Um medicamento pode ser colocado nesta lista devido a problemas de produção, um aumento da procura ou à decisão de um fabricante de o retirar do mercado - qualquer fator que limite a oferta temporária ou permanentemente.
Estas faltas incluíam medicamentos tão essenciais como os trombolíticos (utilizados para tratar doentes com ataques cardíacos ou acidentes vasculares cerebrais), a amoxicilina e os antídotos para o envenenamento por cianeto, entre outros.
Os auditores sublinharam que a escassez não pode ser resolvida a nível nacional e que é neste domínio que a ação da UE tem sido insuficiente até à data.
Problema da fragmentação dos dados
"Os esforços da Comissão [Europeia] para resolver as causas subjacentes à escassez existem, mas ainda estão numa fase inicial", afirmou Lehne.
Um dos principais obstáculos apontados no relatório é a fragmentação dos dados na UE, incluindo informações sobre os níveis de existências, as notificações de escassez e as aprovações de medicamentos.
Por exemplo, cada país estabelece as suas próprias regras para as empresas notificarem as entidades reguladoras de uma situação de escassez. Na Bélgica, os fabricantes podem esperar até ao dia em que um medicamento fica indisponível. Do outro lado da fronteira, nos Países Baixos, têm de avisar, pelo menos, dois meses antes de preverem que não poderão entregar os medicamentos no prazo de duas semanas.
O processo é ainda mais complexo, uma vez que os fabricantes notificam as suas autoridades nacionais, que por sua vez notificam a EMA.

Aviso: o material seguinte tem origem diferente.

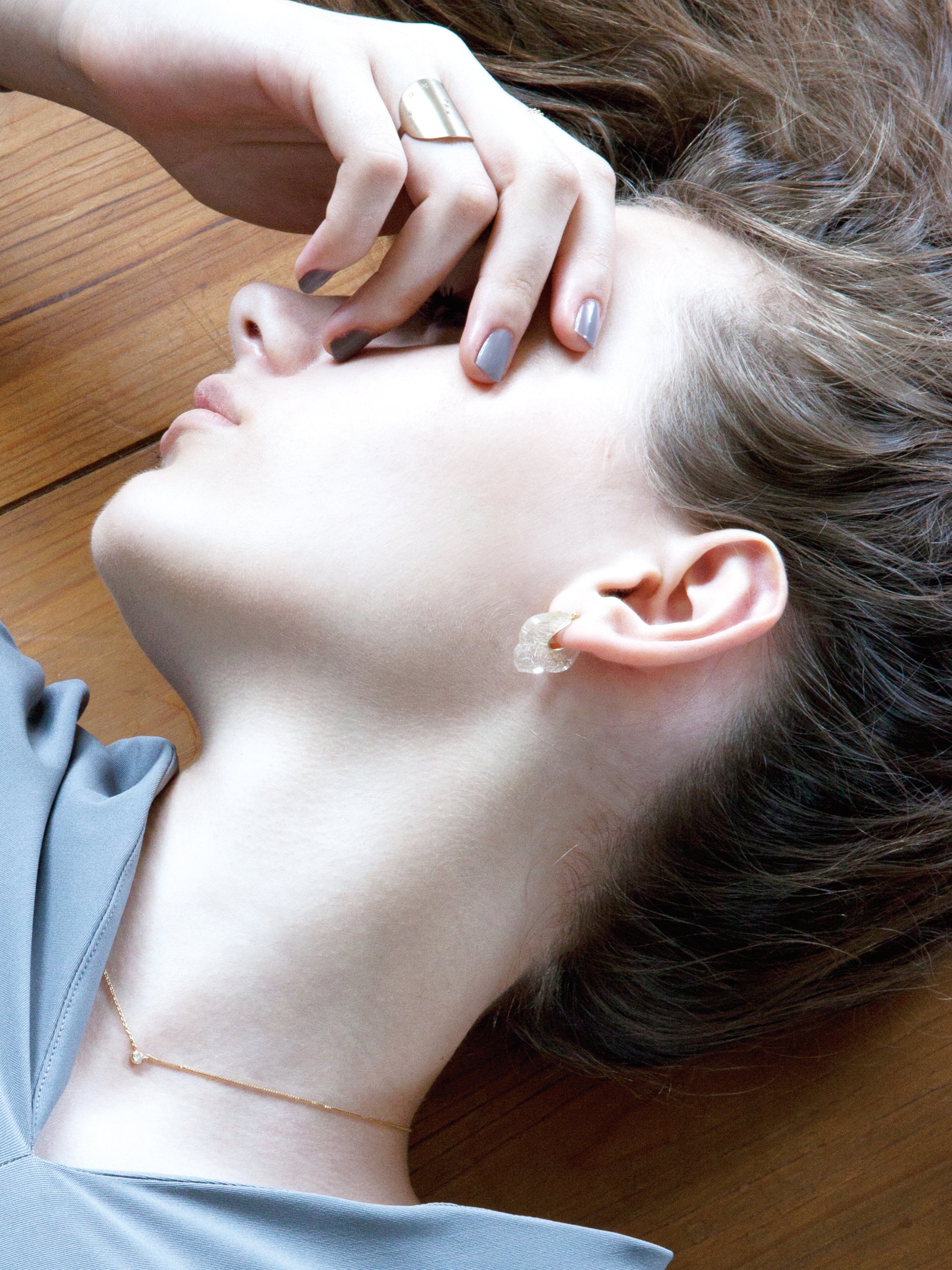 CREST / Pierced Earrings / Lily / Rutile Quartz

"Para além desta limitação, verificámos que a notificação nem sempre funciona bem na prática, é tardia ou inexistente", sublinhou Lehne.
Resposta lenta da UE
Nos últimos anos, perante uma situação que não está a melhorar, a União Europeia apresentou várias propostas destinadas a melhor prevenir e atenuar a escassez, nomeadamente a lista da UE de medicamentos críticos e a Lei dos Medicamentos Críticos.
Contudo, os auditores salientaram que estas propostas carecem de mecanismos de execução, como sanções, que permitam à Comissão ou à EMA garantir o cumprimento das obrigações de comunicação por parte da indústria.
"Só se pode coordenar se se tiver conhecimento. É assim que as coisas são", afirmou Matthias Blaas, do TCE. "Cada Estado-membro produz voluntariamente informações diferentes. Alguns Estados-membros nem sequer produzem informação", acrescentou.
Embora reconhecendo que as propostas constituem um bom primeiro passo, o relatório conclui que a ação da UE continua a ser insuficiente.
O próximo pacote de legislação farmacêutica, atualmente a ser discutido pelos ministros da saúde no Conselho, poderá impor mais obrigações aos fabricantes no sentido de fornecerem melhores dados sobre as suas cadeias de abastecimento.
"Só quando as propostas em cima da mesa forem adotadas e implementadas, quando houver financiamento, é que estes projetos terão início e, nesse caso, ainda serão necessários alguns anos para que tenham realmente efeito", sublinhou Blaas, alertando que a escassez não pode ser resolvida de um dia para o outro.
"Registamos que o Tribunal apela a um quadro comunitário mais forte e mais eficaz para prevenir a escassez", afirmou um porta-voz da Comissão em reação ao relatório, acrescentando estar confiante de que as suas recentes propostas "farão uma diferença substancial e darão resposta a muitos dos desafios que o Tribunal delineou".